[What the task asks]:
After locating the line that holds "Atacado de roupas", transcribe it and each following line to the end of the records, changing nothing and adding nothing.

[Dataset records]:
▼
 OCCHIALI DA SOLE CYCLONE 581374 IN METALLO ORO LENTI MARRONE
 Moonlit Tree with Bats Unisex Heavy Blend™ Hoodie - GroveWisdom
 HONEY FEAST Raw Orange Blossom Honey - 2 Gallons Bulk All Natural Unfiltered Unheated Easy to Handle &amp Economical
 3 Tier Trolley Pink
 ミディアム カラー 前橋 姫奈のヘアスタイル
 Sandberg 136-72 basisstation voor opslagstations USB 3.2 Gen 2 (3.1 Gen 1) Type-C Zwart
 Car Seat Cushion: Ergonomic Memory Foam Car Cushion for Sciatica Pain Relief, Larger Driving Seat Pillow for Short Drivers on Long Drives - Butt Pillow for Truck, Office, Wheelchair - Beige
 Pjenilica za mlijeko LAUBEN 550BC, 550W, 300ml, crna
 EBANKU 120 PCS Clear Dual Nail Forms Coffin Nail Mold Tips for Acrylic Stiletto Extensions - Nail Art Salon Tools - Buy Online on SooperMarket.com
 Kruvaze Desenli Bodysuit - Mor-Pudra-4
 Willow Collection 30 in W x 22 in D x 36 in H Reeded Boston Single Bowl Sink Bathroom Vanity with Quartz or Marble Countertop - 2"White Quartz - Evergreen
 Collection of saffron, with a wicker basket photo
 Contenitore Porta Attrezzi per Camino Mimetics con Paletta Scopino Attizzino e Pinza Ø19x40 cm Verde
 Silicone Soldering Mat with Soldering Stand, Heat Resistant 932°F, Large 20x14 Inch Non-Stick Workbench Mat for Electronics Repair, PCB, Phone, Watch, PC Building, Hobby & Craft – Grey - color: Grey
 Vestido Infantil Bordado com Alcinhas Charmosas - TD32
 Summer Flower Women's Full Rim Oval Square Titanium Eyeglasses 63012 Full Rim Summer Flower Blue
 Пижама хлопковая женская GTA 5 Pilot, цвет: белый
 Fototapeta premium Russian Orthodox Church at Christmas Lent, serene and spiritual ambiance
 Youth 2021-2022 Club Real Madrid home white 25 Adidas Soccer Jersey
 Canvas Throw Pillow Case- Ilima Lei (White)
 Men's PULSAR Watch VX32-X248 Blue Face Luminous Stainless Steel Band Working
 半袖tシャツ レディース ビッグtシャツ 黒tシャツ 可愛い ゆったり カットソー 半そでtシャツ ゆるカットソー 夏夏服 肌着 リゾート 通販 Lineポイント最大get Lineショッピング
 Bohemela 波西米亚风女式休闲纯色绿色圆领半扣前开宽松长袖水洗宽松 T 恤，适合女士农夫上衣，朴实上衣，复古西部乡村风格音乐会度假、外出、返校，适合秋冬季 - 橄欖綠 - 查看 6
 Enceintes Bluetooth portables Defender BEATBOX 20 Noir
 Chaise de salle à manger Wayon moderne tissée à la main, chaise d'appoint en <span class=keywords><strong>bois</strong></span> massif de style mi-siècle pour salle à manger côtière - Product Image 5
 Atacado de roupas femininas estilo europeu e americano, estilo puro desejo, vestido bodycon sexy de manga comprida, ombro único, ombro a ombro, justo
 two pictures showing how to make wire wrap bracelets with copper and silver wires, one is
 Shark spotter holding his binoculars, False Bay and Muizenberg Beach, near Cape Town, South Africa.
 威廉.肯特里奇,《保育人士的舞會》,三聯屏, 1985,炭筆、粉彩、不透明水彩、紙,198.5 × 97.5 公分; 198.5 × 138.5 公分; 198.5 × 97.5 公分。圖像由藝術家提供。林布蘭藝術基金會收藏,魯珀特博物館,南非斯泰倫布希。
▲
[Written answer]:
 Atacado de roupas femininas estilo europeu e americano, estilo puro desejo, vestido bodycon sexy de manga comprida, ombro único, ombro a ombro, justo
 two pictures showing how to make wire wrap bracelets with copper and silver wires, one is
 Shark spotter holding his binoculars, False Bay and Muizenberg Beach, near Cape Town, South Africa.
 威廉.肯特里奇,《保育人士的舞會》,三聯屏, 1985,炭筆、粉彩、不透明水彩、紙,198.5 × 97.5 公分; 198.5 × 138.5 公分; 198.5 × 97.5 公分。圖像由藝術家提供。林布蘭藝術基金會收藏,魯珀特博物館,南非斯泰倫布希。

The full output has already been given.